My day started early with a quick breakfast at the hotel followed by another one of those insanely expensive taxi transfers to Thira, where I would be making my way to the old port to catch a boat out to the hot springs and the Santorini Volcano.  

There are 3 ways to get to the old port of Santorini – Cable Car, Donkey, or walking the 560 stairs.  It was 9am and already over 30 degrees so I opted for the cable car and got down to the waiting area in plenty of time. 

We boarded a big old wooden sail boat and headed first out to the hot springs. The location of the springs was beautiful, but not accessible by boat, so the tour group had to swim across some gorgeous turquoise waters to get to them.

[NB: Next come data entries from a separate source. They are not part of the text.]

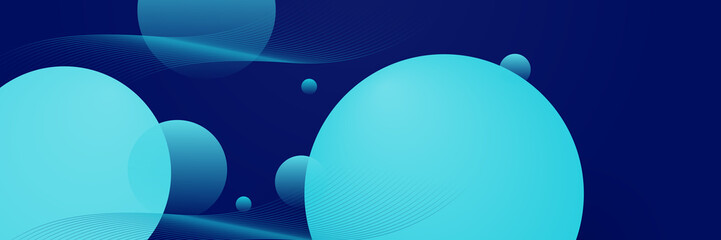 Blue abstract banner background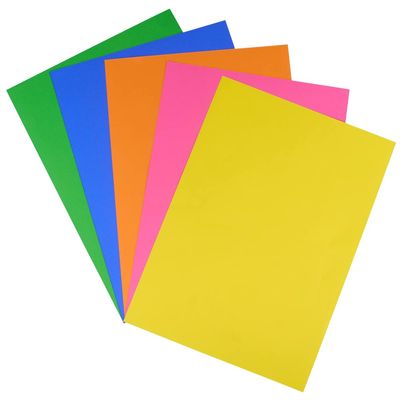 Bloco Criativo Usapel Neon A4 com 25 Folhas em 5 Cores 210x297mm 120g
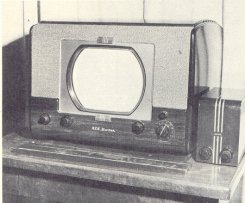 early tv set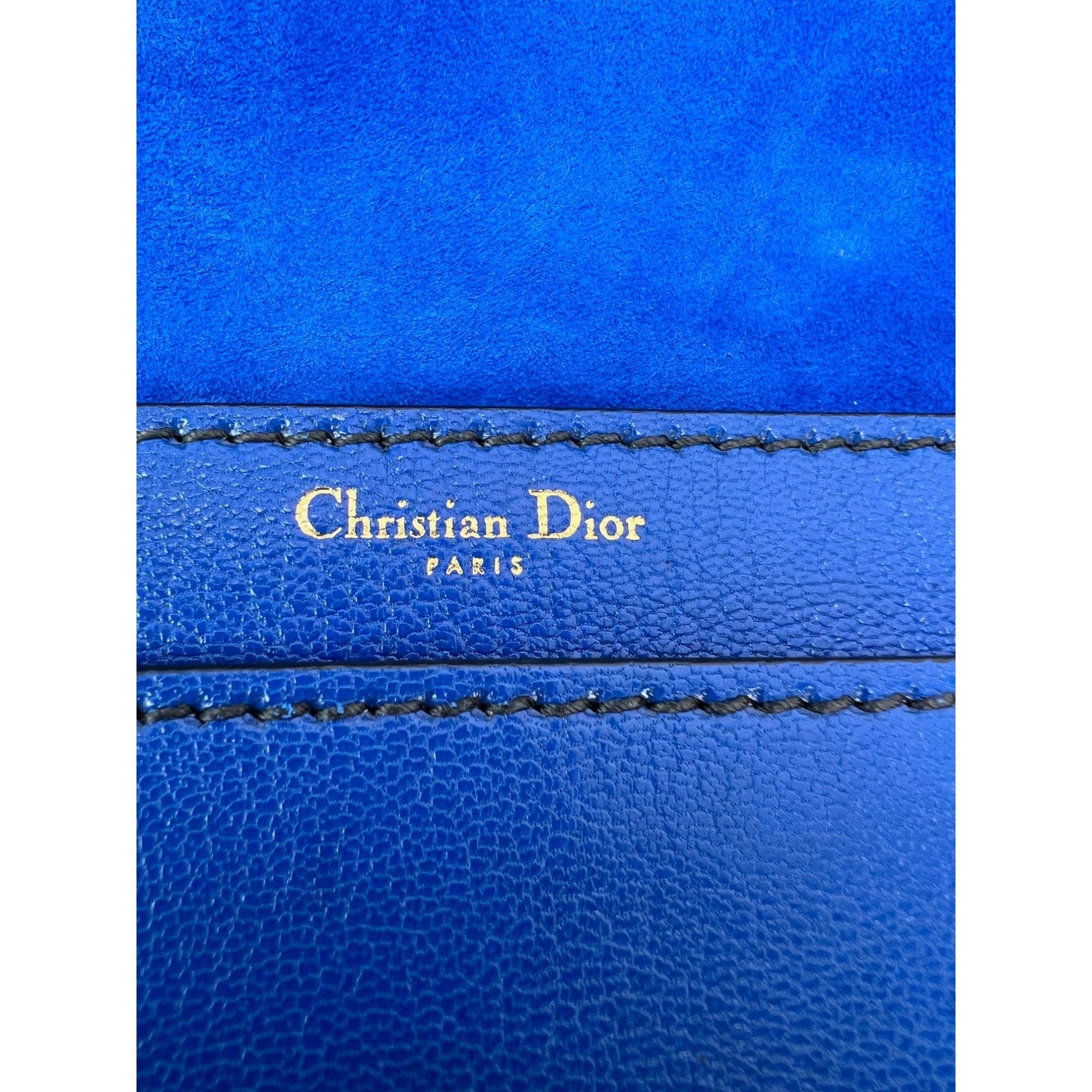 Christian Dior CD J'ADIOR Blue Flap Leather Shoulder Bag - 11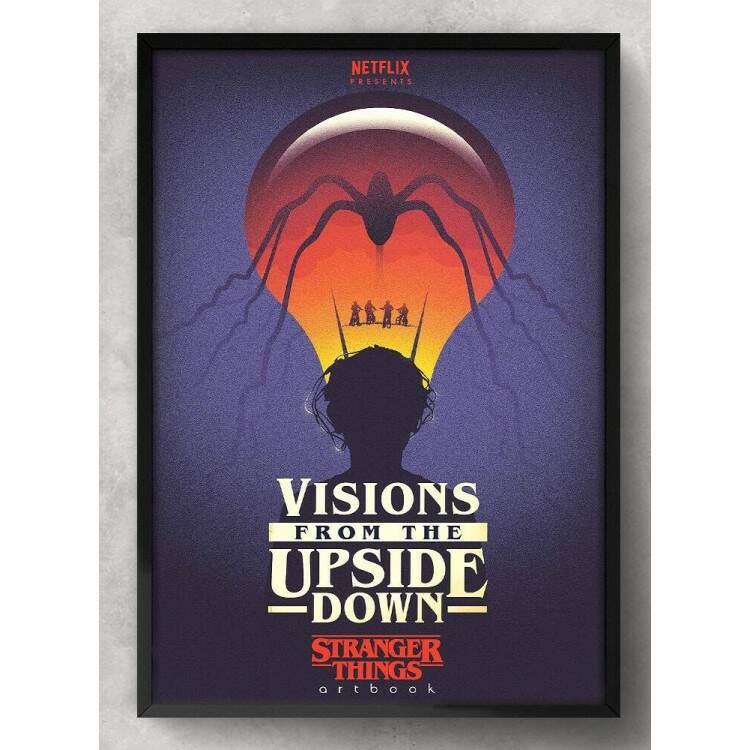 Quadro Decorativo Stranger Things Upside Down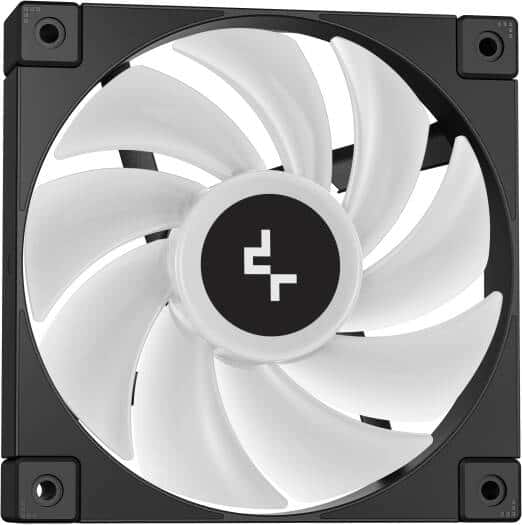 DeepCool LD240 Optimized 240mm Liquid CPU Cooler with Multiline LED Digital Display, 2x 120mm FD12 ARGB Fans, 2400 RPM Fan Speed, Real-Time CPU Status,  72.04 CFM Airflow, Black | R-LD240-BKMSN-G-1 thumbnail 4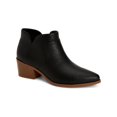 thumbnail image 1 of STYLE & COMPANY Womens Black Slip Resistant Comfort Vidyaa Pointed Toe Block Heel Zip-Up Booties 9 M, 1 of 4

Next we headed over to the Volcano site.  It was over 36 degrees and there was a big hike to the top of the volcano but we all made it eventually and the tour guide shared the volcanic history of the Greek islands, with this being the only above ground crater that is still active in the area.  The volcano had not had a major eruption for many years, but did still cause some earthquakes, including a 7.5 magnitude earthquake in 1956, the largest to ever be seen in Europe in the 20th century. It was followed by a tsunami 25 meters high which destroyed a huge amount of the buildings on Santorini.  Oia was particularly badly damaged and had to be almost completely rebuilt – which explains why that particular area is so crisp and photogenic, the majority was rebuilt just 60 years ago.

The active crater at the Santorini Volcano

We sailed back to Theta and I enjoyed a very nice lunch of Greek salad, breads and a Greek Mojito in one of the restaurants on hill overlooking the old port before taking a taxi to the town of Megalochori where I would embark on the special treat that I had booked for myself – a sunset horse ride to see some of the more historical sites on the island.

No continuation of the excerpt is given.